Faithful, Cooperative Parents
Faithful, Cooperative Parents
▪ The temperature on the South African highveld, or interior plateau, is close to freezing. From my warm third-floor office, I anxiously watch a leafless tree sway to and fro before a howling winter wind. Down in a fork of the tree, a laughing dove is keeping a couple of three-day-old chicks warm.
Before the first eggs were laid, the dove and its mate cooperated in building the nest—the male bringing twigs and the female setting them in place. They did a superb job because fierce winter winds have been unable to dislodge the nest, which has now been home to two broods. The female incubated these eggs at night; the male, during the day. After about two weeks, the eggs hatched. Before two more weeks are up, the nestlings will be big and also strong enough to fly.

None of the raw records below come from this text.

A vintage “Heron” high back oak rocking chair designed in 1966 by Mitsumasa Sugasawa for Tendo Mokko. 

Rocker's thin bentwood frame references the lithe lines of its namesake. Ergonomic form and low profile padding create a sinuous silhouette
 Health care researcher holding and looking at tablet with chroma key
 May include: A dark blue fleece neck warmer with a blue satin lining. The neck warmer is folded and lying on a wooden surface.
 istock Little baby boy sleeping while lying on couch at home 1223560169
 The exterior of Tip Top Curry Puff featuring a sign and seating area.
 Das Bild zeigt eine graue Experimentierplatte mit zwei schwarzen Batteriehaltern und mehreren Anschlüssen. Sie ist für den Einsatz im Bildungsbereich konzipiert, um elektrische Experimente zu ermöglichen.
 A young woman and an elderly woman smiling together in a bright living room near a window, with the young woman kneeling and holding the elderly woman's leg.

Listen! Can you hear that pleasant cooing that sounds like gentle laughter? The female laughing dove, with her crop full of food for her hungry chicks, has announced her arrival on a nearby branch and is ready to relieve her mate. Even after the chicks have left the nest, both parents will continue feeding them until they can fend for themselves.
I often marvel at the cooperation and tender care shown by those birds, whose instincts are unfailingly passed on from one generation to the next. These facts call to mind the words of Psalm 86:8: “There is none like you . . . , O Jehovah, neither are there any works like yours.”
In his written Word, the Holy Bible, Jehovah God has provided guidance for human parents that is as reliable as the instincts he gave to the doves. For example, the Bible urges mothers “to love their children.” (Titus 2:4) To fathers, it says: “Do not be irritating your children, but go on bringing them up in the discipline and mental-regulating of Jehovah.” (Ephesians 6:4; 1 Timothy 5:8) To be sure, parents who do these things are truly precious in God’s eyes.